If this is totally unavoidable then you should :
- document it in the comment at the top of the function
- check inside the function to see if it has been done and if not
warn the user (and probably quit the program.)
Interface errors
The problems in the section above are essentially beginners errors. Interface
errors are the big one.
An interface error is where you are making a slightly
different assumption inside a function that in the function you are
calling it from.
- You may disagree on what exactly the function does.
- You may disagree on what exactly the arguments are.
- You may disagree on some other assumption.
Examples of interface errors
- In a kinetics problem you have a variable called energy:
in one part of the program you assume it is the kinetic energy, in another
the total (kinetic plus gravitational potential) energy.
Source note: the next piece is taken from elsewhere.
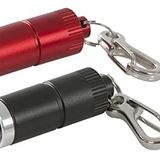 KWB mini LED anahtarlık-Set 948395 (2-parça, süper aydınlık, eloksal alüminyum gövde, karabina, siyah/kırmızı)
- In the same problem, h is the height (upwards) but the
acceleration a is taken to be downwards because g is
positive.
- You call a function which has as an argument a heat capacity
c, you assume it wants capacity at constant volume, it wants
constant pressure.
- In 1999 NASA lost the Mars Orbiter satellite because they were
using metric units and a contractor imperial (feet and inches,
etc.)!
Tests for interface errors
- Is the name of the function clear?
- Does the comment at the top of the function tell you
everything you need to know without having to look at
the body of the function?
Summary
A function should :
- do one thing and do that well.
- be clearly defined and easy to understand.
- let you think of the task at a higher level, in terms
of what you are doing ("read in a positive integer")
and not how you are doing it.
- either:
- enable the code to be simpler and shorter by being called
from several places or
- enable a piece of code that would otherwise violate Miller's
limits to be understood within those limits.